Section VII: "Of Abstract Ideas"


Regarding abstract or general ideas, Hume asks if the mind conceives them as general or particular. Berkeley argues that all general ideas are particular ideas affixed to some particular term. This "gives them a more extensive signification." It also allows us to more easily recall related individuals. Hume will proceed to defend Berkeley's argument.


Objects are given to us in shades or degrees of quantities and qualities. But when we form general ideas of objects, we abstract from these degrees of quality and quantity. And by so slightly altering its extension, duration, and other properties, the object ceases to be of a particular species.

A general idea represents all things of its kind. So the abstract idea of 'man' represents all men of every size and quality. But, we know that the idea cannot represent every one of these possibilities all once. And we know that it also must represent some particular; for, we cannot conceive an idea without also having some particular in our mind. Hence our philosophical dilemma. The first option, that one idea represents all possible instances all at once, is rejected because it produces an infinite regress, [for there is an infinity of possibilities, so no idea could ever represent them all at once.] Thus many conclude instead that general ideas cannot represent particulars.

Hume will argue the contrary.

it is utterly impossible to conceive any quantity or quality, without forming a precise notion of its degrees.

Hume acknowledges that the mind is not infinite. However, he will argue nonetheless that we can form an imperfect notion of all the possible qualitative and quantitative degrees of the object.
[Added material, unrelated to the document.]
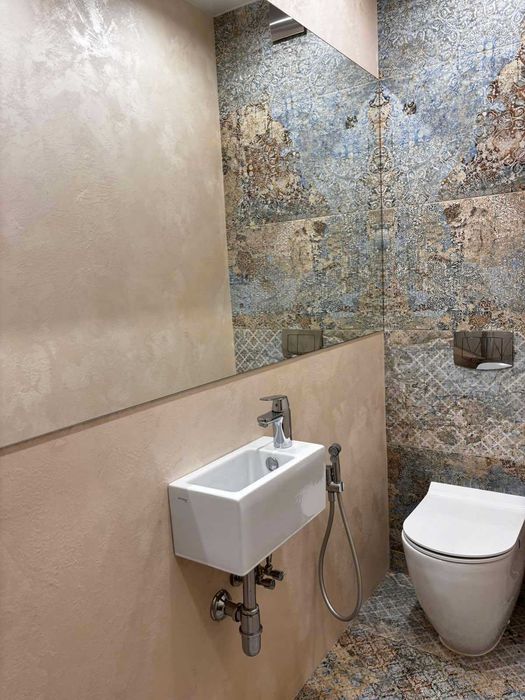 4-х к.квартира з новим євро ремонтом, піша хода до метро, ​​новобудова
Hume will prove the following proposition through three arguments:


Argument 1:

If objects

a) differ, they may be

b) distinguished. And if objects are distinguishable, they may be

c) separated in the thought and imagination.

Likewise, objects which are

a) separable are

b) distinguishable. And distinguishable objects are

c) different.

Now Hume must establish that in all cases of abstraction, the abstracted notion is different from its varying instantiations.

He notes that we cannot conceive of a line without also conceiving that line having some length.

the precise length of a line is not different nor distinguishable from the line itself, nor the precise degree of any quality from the quality.

Therefore, ideas are not distinct from the quantities and qualities of their respective objects.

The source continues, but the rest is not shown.